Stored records
===============
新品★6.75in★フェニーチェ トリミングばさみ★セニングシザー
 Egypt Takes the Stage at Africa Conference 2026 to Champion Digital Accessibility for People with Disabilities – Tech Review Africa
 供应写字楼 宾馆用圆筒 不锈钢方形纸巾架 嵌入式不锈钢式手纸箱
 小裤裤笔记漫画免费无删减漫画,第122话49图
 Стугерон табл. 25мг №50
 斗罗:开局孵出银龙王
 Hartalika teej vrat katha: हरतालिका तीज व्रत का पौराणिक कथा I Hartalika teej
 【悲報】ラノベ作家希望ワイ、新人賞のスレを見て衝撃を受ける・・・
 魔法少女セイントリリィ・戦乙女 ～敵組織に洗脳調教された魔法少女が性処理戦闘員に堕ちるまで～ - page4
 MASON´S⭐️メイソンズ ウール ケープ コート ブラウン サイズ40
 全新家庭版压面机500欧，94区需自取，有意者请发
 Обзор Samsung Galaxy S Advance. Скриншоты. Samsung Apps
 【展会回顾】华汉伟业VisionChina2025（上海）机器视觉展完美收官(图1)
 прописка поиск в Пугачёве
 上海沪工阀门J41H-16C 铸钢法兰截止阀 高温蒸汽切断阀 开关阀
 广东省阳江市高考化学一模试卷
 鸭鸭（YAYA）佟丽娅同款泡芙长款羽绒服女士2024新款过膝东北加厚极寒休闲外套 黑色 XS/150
===============
* _Instructions for the task_
Nothing but the lines from the one with "Стугерон табл. 25мг №50" through the end of the data above should be repeated, each exactly as it stands.

* _Result for this exercise_
 Стугерон табл. 25мг №50
 斗罗:开局孵出银龙王
 Hartalika teej vrat katha: हरतालिका तीज व्रत का पौराणिक कथा I Hartalika teej
 【悲報】ラノベ作家希望ワイ、新人賞のスレを見て衝撃を受ける・・・
 魔法少女セイントリリィ・戦乙女 ～敵組織に洗脳調教された魔法少女が性処理戦闘員に堕ちるまで～ - page4
 MASON´S⭐️メイソンズ ウール ケープ コート ブラウン サイズ40
 全新家庭版压面机500欧，94区需自取，有意者请发
 Обзор Samsung Galaxy S Advance. Скриншоты. Samsung Apps
 【展会回顾】华汉伟业VisionChina2025（上海）机器视觉展完美收官(图1)
 прописка поиск в Пугачёве
 上海沪工阀门J41H-16C 铸钢法兰截止阀 高温蒸汽切断阀 开关阀
 广东省阳江市高考化学一模试卷
 鸭鸭（YAYA）佟丽娅同款泡芙长款羽绒服女士2024新款过膝东北加厚极寒休闲外套 黑色 XS/150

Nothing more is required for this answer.